Cutting Panels Into Suitable Sizes:
If you are confident in your woodworking skills you can cut large 4 x 8-foot sheet goods into standard-size painting panels, or for a fee, some hardware stores may offer to cut large panels into smaller sizes for you. Artists who are intimidated by table saws (and don’t be fearful to admit it) have found it easier to use a circular saw along with a high-quality straightedge guide to cut large sheets of plywood or hardboard.
It takes planning and equipment like clamps, sacrificial boards, and sawhorses to cut large boards safely and accurately with a circular saw using a straightedge guide. Plywood can be a bit easier to handle when the panel is large since it is more rigid than large sheets of hardboard. Large-size hardboard is very flexible. A strategy you are comfortable with needs to be devised to keep hardboard flat during the cutting process.
Use caution and select a method that fits your skill and equipment inventory Power tools are extremely dangerous and must be treated with an overriding dose of respect. Take this from someone who was hit in the head by a two-inch by 3-inch piece of poplar kicked back at me by a table saw. I was not harmed, but the incident was lightning fast and frightening. It was a hard way to obtain a valuable learning experience in how the rear part of any table saw blade can eject wood that binds and fails to pass parallel to the rear of the spinning blade. I use a variety of safety tools now to lessen the possibility that wood does not become a high-speed projectile.
Remember you can bypass cutting wood by purchasing already cut panels that you can prepare with your own sealer, primer, or canvas adhered to the panel.
Sealing the Panel:
Now starts the far less perilous part of panel preparation. The first step is to apply 3 coats of solvent-based polyurethane to the panels. This will seal the wood to stop moisture from penetrating it. In addition, polyurethane helps to inhibit the migration of acids inherent in wood, especially if you plan to glue canvas to a panel.

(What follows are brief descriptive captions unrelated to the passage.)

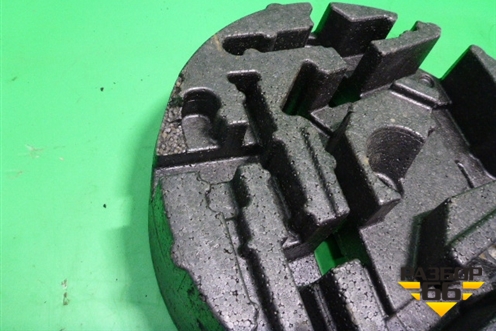 Ящик инструментальный в багажник (седан) (13327305) для Opel Insignia с 2008-2017г (Инсигниа)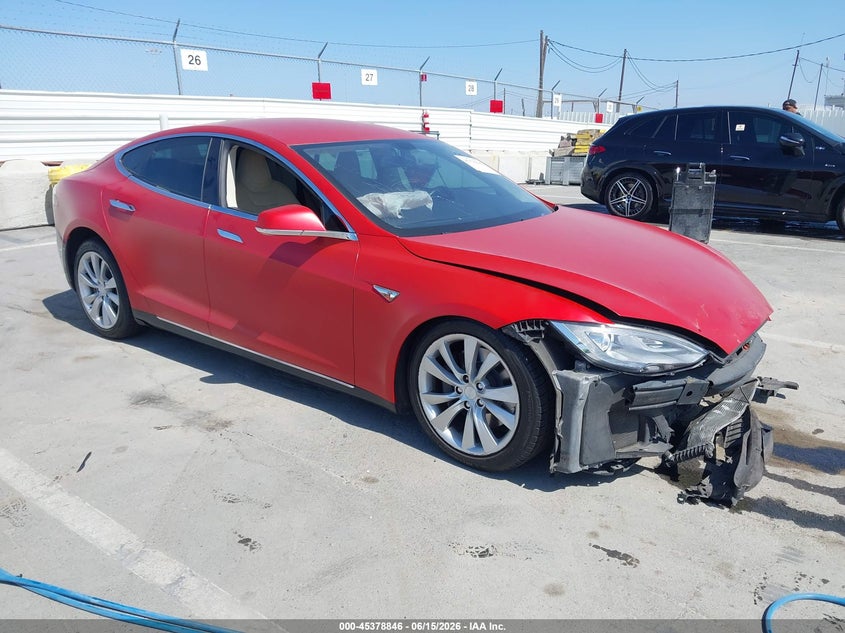 2013 Tesla Model s VIN 5YJSA1CN5DFP27368 IAAI salvage auction — FRONT & REAR, Salvage (California), sold $850 on 2026-07-08 (photo 1)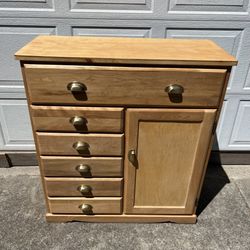 Adorable Maple Dresser With 6 Drawers And Storage Cubby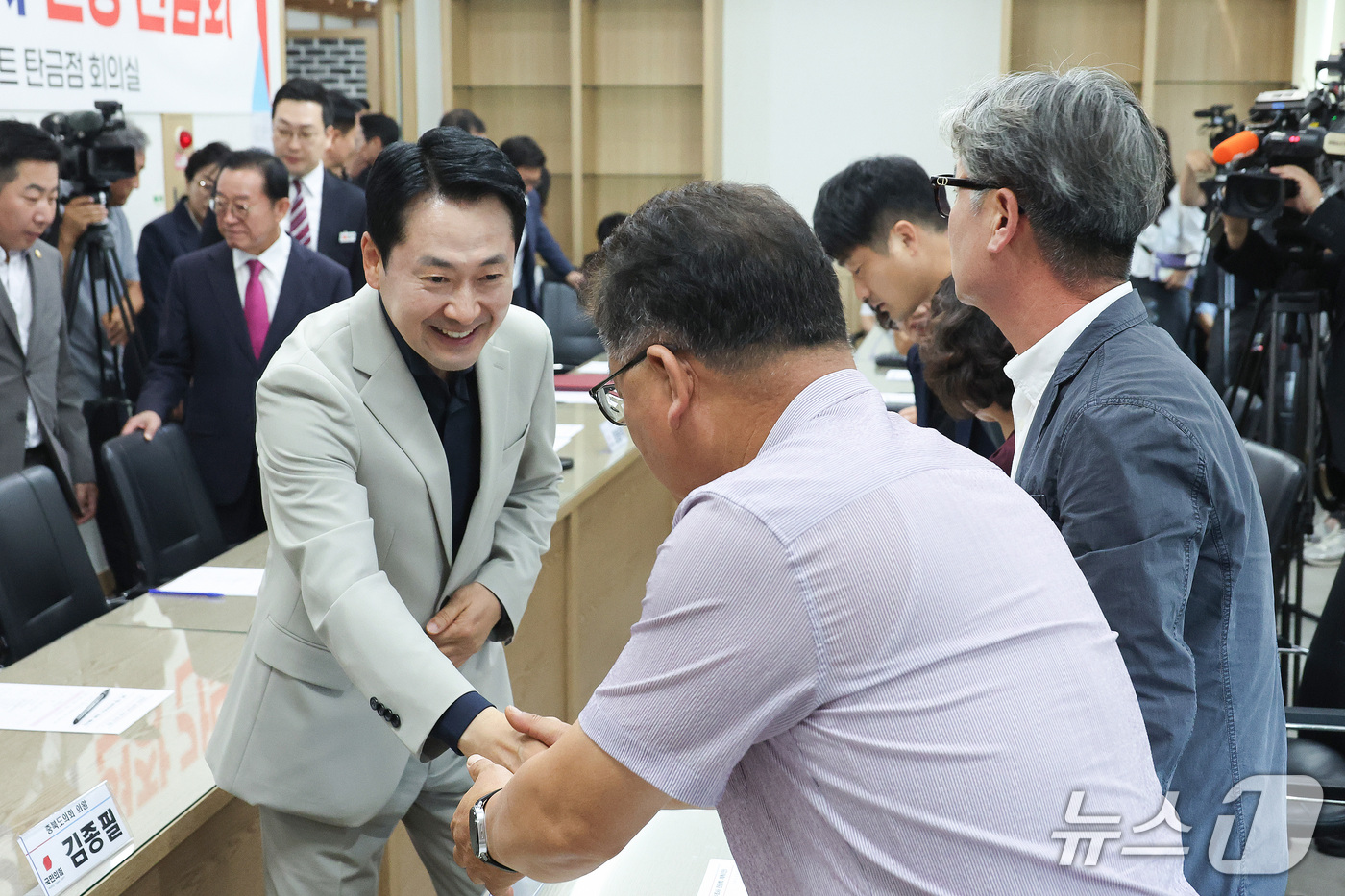 (충주=뉴스1) 신웅수 기자 = 장동혁 국민의힘 대표가 30일 충북 충주시 하나로마트 탄금점에서 열린 농민 수탈 농지 전수조사 간담회에서 참석자들과 인사하고 있다. 2026.9.3 …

Important: If you intend to apply acrylic primer on the side of the panel that you will use for your artwork, you have 2 choices. 1. Do not apply polyurethane to the side that you will be priming with acrylic gesso. Apply 3 coats of polyurethane to the back side and edges. Then apply acrylic primer to the uncoated wood side that will be used for your painting. 2. Go ahead and apply 3 coats of polyurethane to all parts of the panel. Select the side that will be for your artwork then sand that side to roughen the polyurethane. Next, apply a bonding primer so that your acrylic gesso will adhere properly to the panel. Bonding primers such as Zinsser B-I-N or Insl-X are examples of primers of this type. After the primer dries completely (follow manufacturer's directions) you are ready to apply 2 or 3 coats of acrylic gesso or an oil primer if you so desire.
Use a small brush, mini-sponge roller, or other appropriate paint applicator and seal all the surfaces, especially the edges with polyurethane. While the polyurethane is drying you can use the time to prepare canvas that will be glued to the panels if you wish to paint on a canvas-textured surface.
Painting Surface Selection:
This is another point where a decision needs to be made. Selecting canvas is a personal choice. You may also choose an unprimed or pre-primed canvas. Either one will work well in making solid painting supports.
Adhering Canvas to a Panel:
The types of adhesives available for this application are limited. In most cases, the simpler the better rule should be observed. Artists have used the following adhesives with success: Polyvinyl acetate glue, (Elmer’s type white glues) aliphatic resin emulsions, (Titebond) acrylic dispersion mediums (acrylic matt or gloss mediums, acrylic gels), and thermal setting adhesives. (ethylene vinyl acetate) The first three are the easiest to obtain and apply and are compatible with sizing and ground layers that will be applied after the canvas has adhered to a panel.
First, sand the surface of the polyurethane coating on the side that will have canvas glued to it. That helps the glue adhere to the polyurethane.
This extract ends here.